We describe how to price an option based on a multi-period binomial tree. We use a 2-period tree to anchor the discussion. Assume that the length of one period is h years. Then the following 2-period binomial tree is to price a 2h-year option (call or put). For example, if h= 0.25 years, then the following binomial tree is a basis for pricing a 6-month option.

    \text{ }
    Figure 1 – 2-period binomial tree
    binomial tree - 2 period
    \text{ }

The stock prices in the above binomial tree are constructed using forward prices. At the left, S is the initial stock price. Then the stock prices at the end of period 1 are:

    \text{ }
    \displaystyle S_d=S \ e^{(r-\delta) h - \sigma \sqrt{h}} \ \ \ \ \ \ \ \ \ \displaystyle S_u=S \ e^{(r-\delta) h + \sigma \sqrt{h}} \ \ \ \ \ \ \ \ \ \ \ \ \ (1)
    \text{ }

where r is the annual risk-free interest rate, \delta is the annual continuous dividend rate and \sigma is the annualized standard deviation of the continuously compounded stock return. Multiplying \sigma by \sqrt{h} adjusts the standard deviation to make the stock return appropriate for a period of length h.

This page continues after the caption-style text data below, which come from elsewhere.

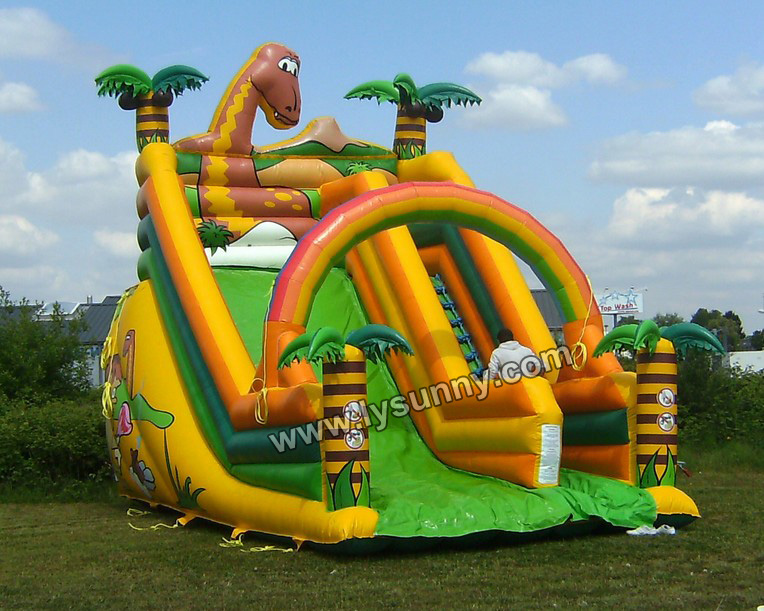 CE proved Inflatable Dinosaur Slide (IS-050)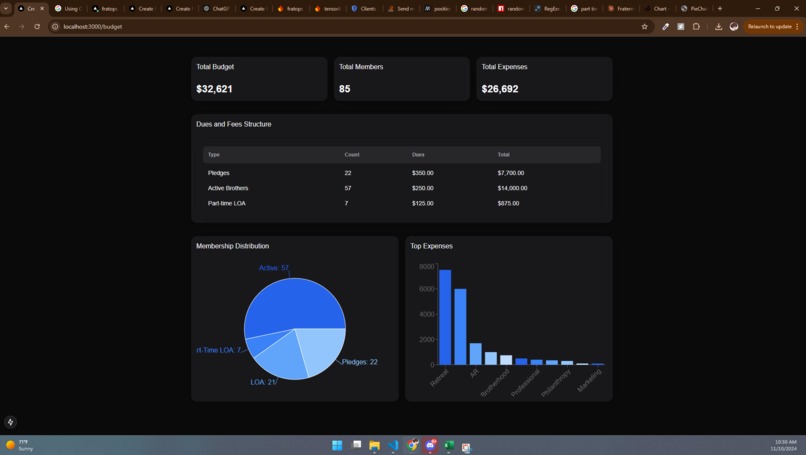 FratOps – screenshot 1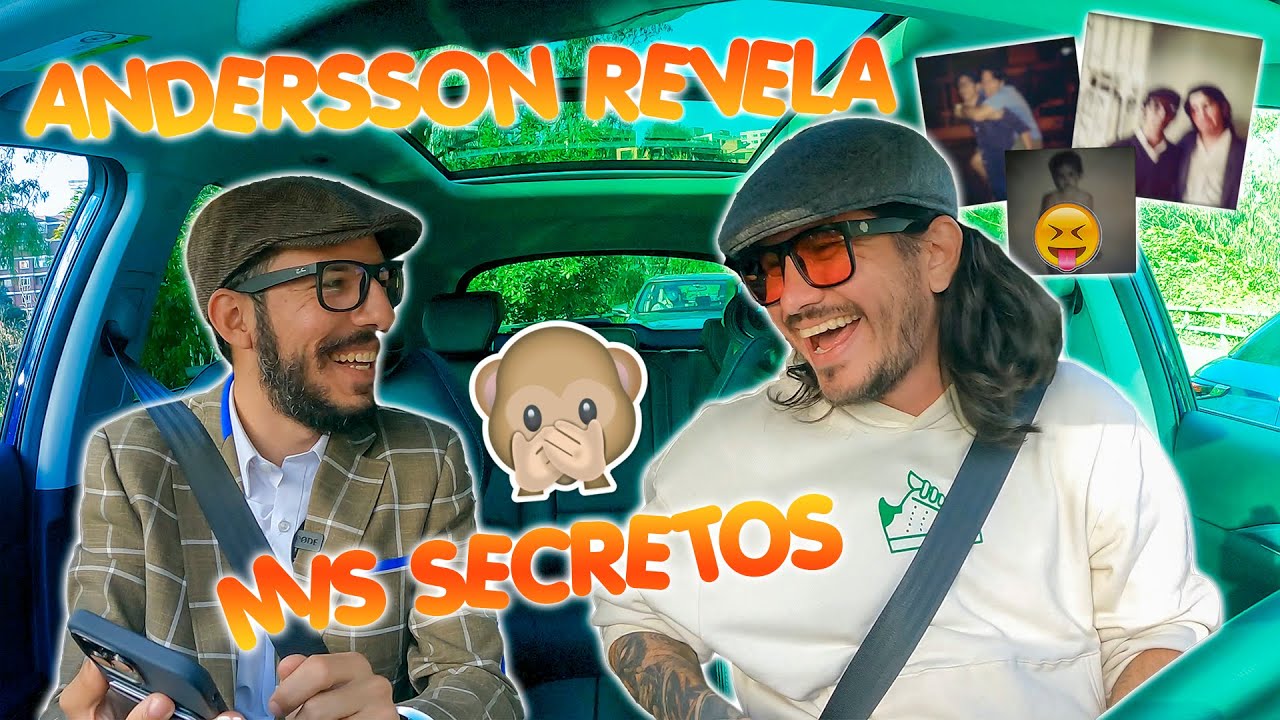 Andersson Bosc&aacute;n en el Carpool de Logan 😎 | Logan y Logan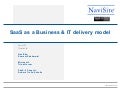 NaviSite SaaS ISV Enablement Webinar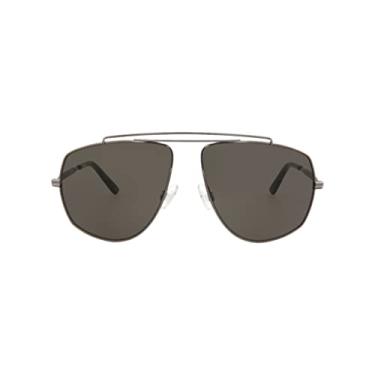 Imagem de Sunglasses Puma PU 0188 S- 003 RUTHENIUMGREY, Óculos Masculino, Óculos Polarizado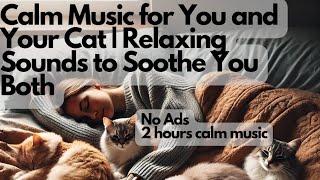 Calm Music for You and Your Cat | Relaxing Sounds to Soothe You Both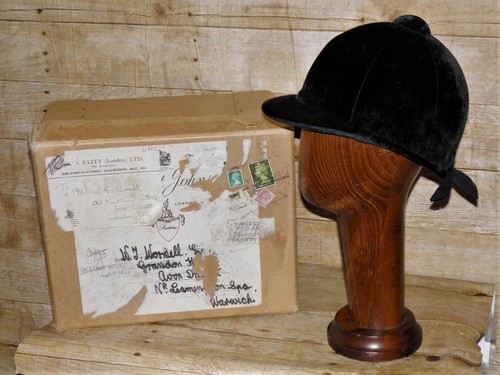 Vintage black velvet - black, high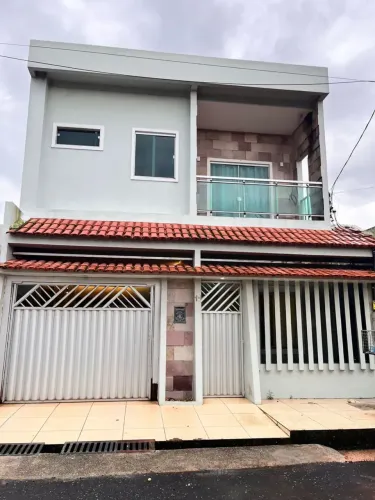 Casa Ampla Moderna econômica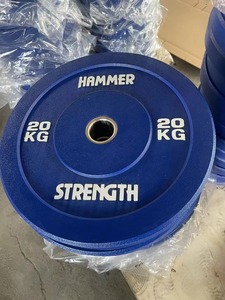 Plaques <span class=keywords><strong>de</strong></span> poids en fer haute élasticité, brisables, 20 kg, logo, antidérapantes, durables, pour la <span class=keywords><strong>musculation</strong></span> - Product Image 4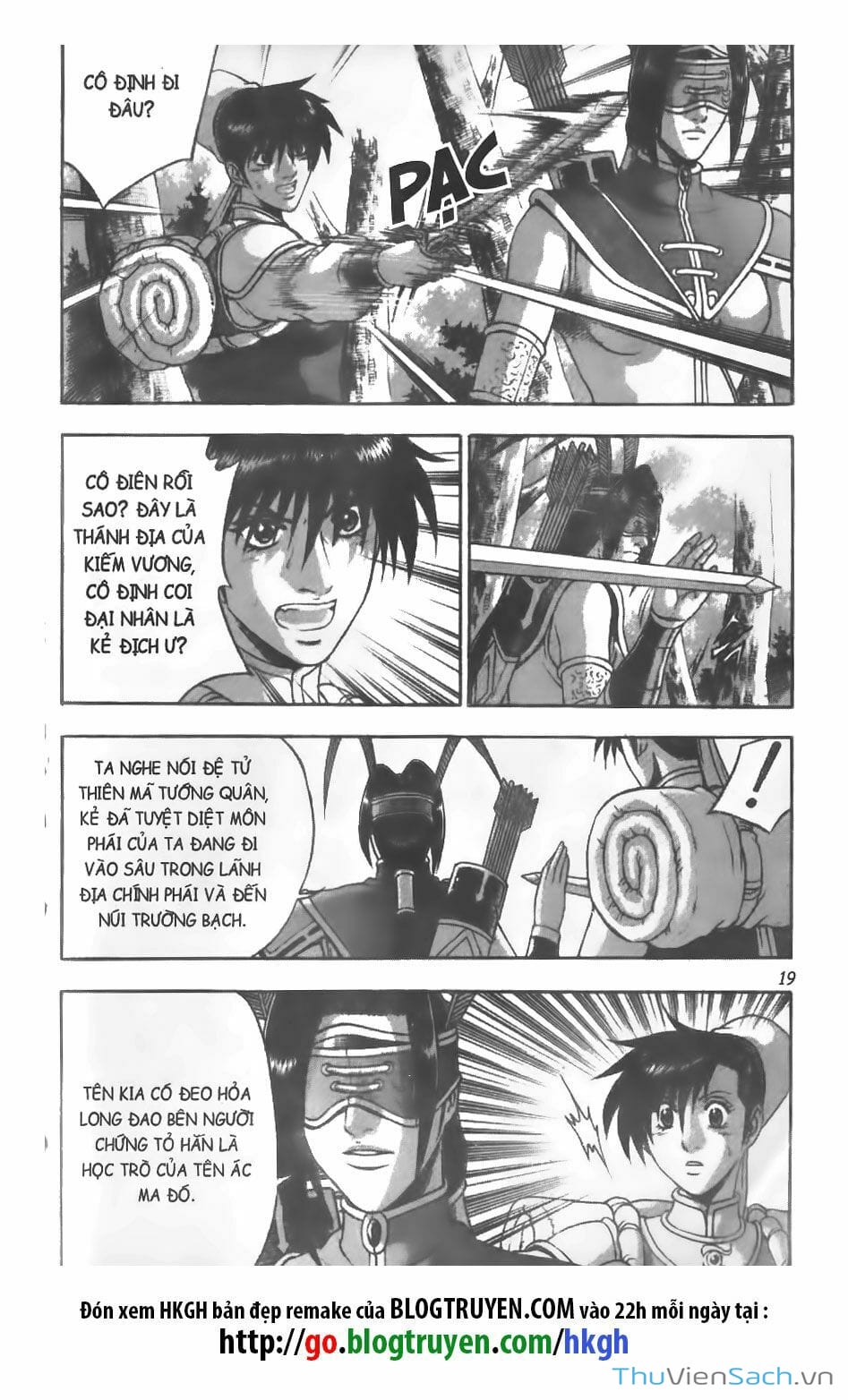 Truyện Tranh Hiệp Khách Giang Hồ trang 4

The stock prices at the end of period 2 are also constructed based on the idea in (1). The formula (1) takes a starting price (e.g. S_u) and calculates the up move, e.g. S_{uu} and the down move, e.g. S_{dd}. The same idea in (1) can then be used to build additional periods beyond the period 2.

Because the stock prices in Figure 1 are calculated by formula (1), an up move followed by a down move leads to the same stock price as a down move followed by an up move. Thus S_{ud}=S_{du} at the end of the second period. When this happens, the resulting binomial tree is called a recombining tree. When up-down move leads to a different price from a down-up move, the resulting tree is called a nonrecombining tree. When stock prices are calculated using the forward prices, the resulting binomial tree is a recombining tree.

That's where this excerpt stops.